Antoine Villard parlait également de la possibilité des cultures dérobées. Une « opportunité » là aussi derrière une orge d’hiver récoltée tôt, dixit Damien. Un atout également en terme d’azote, de couverture du sol et pour diminuer les traitements, « voire arriver à ne pas en faire », souligne le technicien. En revanche, les rendements avec une variété 000 sont là, plus « aléatoires » aux alentours de 20 qtx/ha, récoltés au mois d’octobre. Sa culture est tout de même conseillée avec système d’irrigation car si le sol est ressuyé rapidement, il peut être aussi très sec. Une culture permise également avec des itinéraires simplifiés. Gare toutefois au « problème de la concurrence d’adventices plus rapide », observe Damien, lui qui ne bine pas ses sojas (écartement de 50 cm), contrairement à ses tournesols et maïs. Pour lui, le soja « reste lié à l’opportunité de l’implanter » en fonction de l’année.
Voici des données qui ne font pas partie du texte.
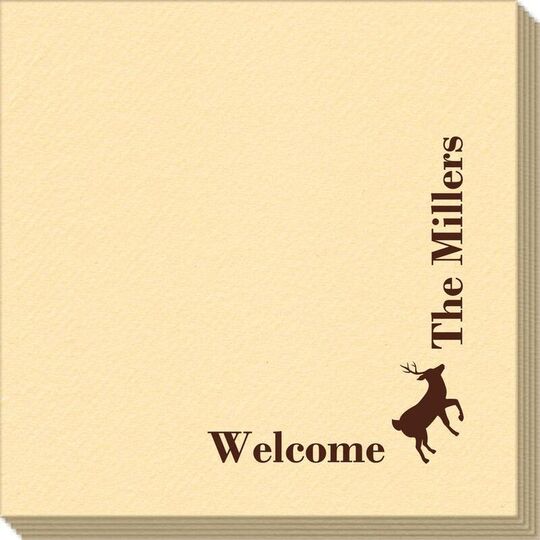 Corner Text with Deer Park Design Linen Like Napkins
Extrusel se positionne sur le tourteau de soja non-OGM



Sur le site de Bourgogne du Sud à Chalon Nord, les silos d'une capacité totale de 92.000 t font face à un autre outil, l'usine de trituration de la Sica Extrusel. Construit en 1988, l'idée était de produire de l'huile de colza pour la flotte des camions de la coopérative alors que les experts s'accordaient sur un prix du pétrole à 200 € le baril. Depuis 2013, la trituration de graines de colza (60.000 t) et de tournesol (15.000 t) permet la fabrication d'huile et de tourteaux plaquettes. Aujourd'hui, une réflexion est lancé autour de la filière soja non-OGM. La France n'en produit que 200.000 t pour un besoin annuel de 500.000 t. Extrusel compte donc ouvrir une troisième ligne pour porter sa capacité de transformation à 120.000 t/an et transformer dès l'an prochain entre 30.000 et 40.000 t de soja, selon le développement des surfaces. Les graines récoltées à 36-40 de taux de protéines peuvent donner des tourteaux à 51-52. " Cette fois, j'y crois car il y a un vrai schéma national, avec un seul produit (avec Sofiprotéol) " côté débouché, note le directeur. L'an dernier, sur le secteur de la coopérative, 7.000 ha de soja avaient été récoltés. Au delà de l'alimentation animale, l'huile est également bien valorisé (Lesieur).